Gregory Master: monastic illustrator, probably at Reichenau in southern Germany, best known for an illumination from an edition of the letters of Pope Gregory the Great, which shows Gregory’s scribe observing the Pope listening to the dove of the Holy Spirit. The best Classicist among Ottonian painters, able to create some three-dimensionality in the figures and space.

Gospels of Otto III: produced ca. 997-1002, probably at Reichenau. Style shows the tendencies toward expressive emotionality and schematicized figures characteristic of Ottonian painting (St. Luke), including an interesting scene of Otto III enthroned between Church and State, with the provinces of his empire bringing him tribute-an image derived from Roman imperial art.

Magdeburg Antependium: an altar frontal or facings carved of small ivory plaques and given to Magdeburg Cathedral by Otto I around 973. A notable plaque (only 5 x 4”!) shows him offering the church to Jesus, who is enthroned on a triumphal wreath. Behind Otto is St. Maurice, who introduces him to Christ. On the other side of Jesus is St. Peter, with his key.
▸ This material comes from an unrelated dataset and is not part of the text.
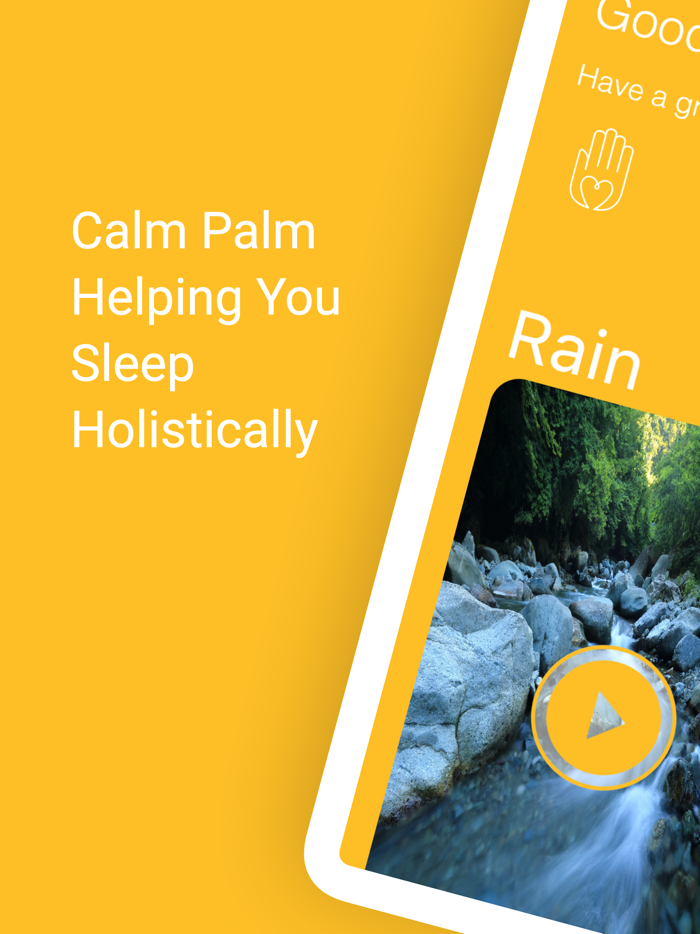 Calm Palm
TERMS AND THINGS FOR ROMANESQUE ART

I. German Romanesque

Frederic Barbarossa: Holy Roman Emperor 1152-1190. Greatest German ruler of the High Middle Ages; fought to keep Italy and Germany united. Died in the Third Crusade.

Speyer Cathedral: great church begun in 1030 and completed in 1062 in the Ottonian style with a timber roof, and towers at the west facade and at the transept. At this time the aisles and crypt were groin vaulted. Rebuilt after 1080 in the Romanesque style, nave vaulted after 1106.
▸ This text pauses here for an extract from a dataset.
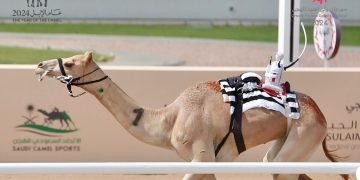 ضمن مهرجان ولي العهد للهجن بالطائف.. “الرخامية” تكسب التوقيت الأفضل في افتتاح منافسات “الحقايق”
Renier of Huy: metalworker from the Mosan region in eastern Belgium who made a bronze font in a notably Classicistic style between 1107-1118 for a church in Liège.

Stavelot Triptych: a small, three winged altarpiece (tri=three, ptych=wing, in Greek) made around 1155 in the Mosan region. Its wings have local enamel rondels (round pictures) depicting stories about Constantine and his mother Helena involving the cross. In the center are two smaller Byzantine triptychs with fragments of wood (the true cross) showing crucfixions, also in enamel. These were apparently given to the Abbott of Stavelot during a diplomatic mission to Constantinople.

II. Italian Romanesque

Desiderius: Abbott of Monte Cassino in southern Italy, which he rebuilt 1066-71 and adorned with art by Byzantine artists. Became Pope Victor in 1086. Tried to revive Early Christian artistic traditions in Italy through a knowledge of Byzantine methods. Influenced art in Rome and northern Italy (Cluny).

San Clemente, Rome: church was rebuilt after the Norman sack of Rome in 1084 in the Classicizing style which had been evolved at Monte Cassino. The upper church was built c. 1120-30. Notable for its elaborate decoration in inlaid stone (Cosmatesque work) and apse mosaic which shows Christ crucified amidst a riot of elaborate floral ornament.

Pisa Cathedral Complex: a group of four buildings (Baptistry, Cathedral, bell-tower=Leaning Tower, cemetary) built between 1060 and the 13th century. The Cathedral is modelled on Early Christian basilicas (such as Old St. Peter's, Rome), and has a timber-roofed nave, vaulted aisles and a dome at the crossing. The apse has a Byzantinizing mosaic and the architect (named Busketos) was a Greek. The arcaded fa?ade is a Tuscan version of an ancient Roman type of columnar decoration; it was not begun until the second half of the 13th century! A set of bronze doors made by Bonanno of Pisa around 1190, these imitate Byzantine church doors and show scenes of the lives of Christ and the Virgin Mary. The compositions are Byzantine but the style is Romanesque in its abstract clarity.